Potremmo anche rileggere in questo modo: “Impossibile presso gli uomini, ma tutto è possibile presso Dio”. Allora se gli uomini, credenti o meno, da quando il Signore è morto e risorto stanno oramai presso Dio, perché Dio sta definitivamente presso gli uomini, allora agli uomini diventa possibile seguirlo anche nell’uso corretto della ricchezza pur avendola, senza farsi possedere da questa. Quello che il Signore ci chiede è di diventare lui la nostra “ricchezza”, il nostro “tesoro”, la sua compagnia nella sua sequela.
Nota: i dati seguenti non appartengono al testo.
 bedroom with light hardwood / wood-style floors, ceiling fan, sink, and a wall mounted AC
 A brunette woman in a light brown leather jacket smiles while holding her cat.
La Comunità cristiana è chiamata a mostrare l’impossibile possibile che vive nonostante le sue inadempienze e, Pietro, prendendo la parola dice: “Ecco, noi abbiamo lasciato tutto e ti abbiamo seguito”. Gesù quasi a confermare che quando ha detto non riguardava la ricchezza ma la sequela, risponde: “In verità io vi dico: non c’è nessuno che abbia lasciato casa o fratelli o sorelle o madre o padre o figli o campi per causa mia e per causa del Vangelo, che non riceva già ora, in questo tempo, 100 volte tanto in case e fratelli e sorelle e madri e i campi, insieme a persecuzioni e la vita eterna nel tempo che verrà”. La ricchezza e il suo possesso è ininfluente, non sta in questo l’essere o meno benedettida Dio, condizione che invece esiste nella sequela del Signore e che è possibile solo scegliendo di rimanere presso di lui.
La Chiesa è allora quella Comunità chiamata stare in questo mondo fissandolo, guardandolo, amandolo, come lo fissa, lo guarda, lo ama il suo Signore, aiutando le persone a riconoscere che si stanno incontrando con Dio anche quando non ne sono consapevoli, mostrando dentro di sé che questo inedito di Dio, un Dio che si fa riconoscere anche da chi non lo conosce, è possibile concretamente e ci arricchisce. Certo, non ci toglie il dolore, ma ci permette anche da dentro la fatica del vivere, di annunciare questo sguardo e questo amore misericordioso che Dio ci ha donato fino alla croce ed alla risurrezione.
È questo l’annuncio che Marco ci sta facendo. Anche il testo di oggi non ci distrae, ma ci aiuta a capire il senso dell’Incarnazione, per comprendere poi senza tradirla la parola straordinaria della croce e giungere con il Signore alla risurrezione.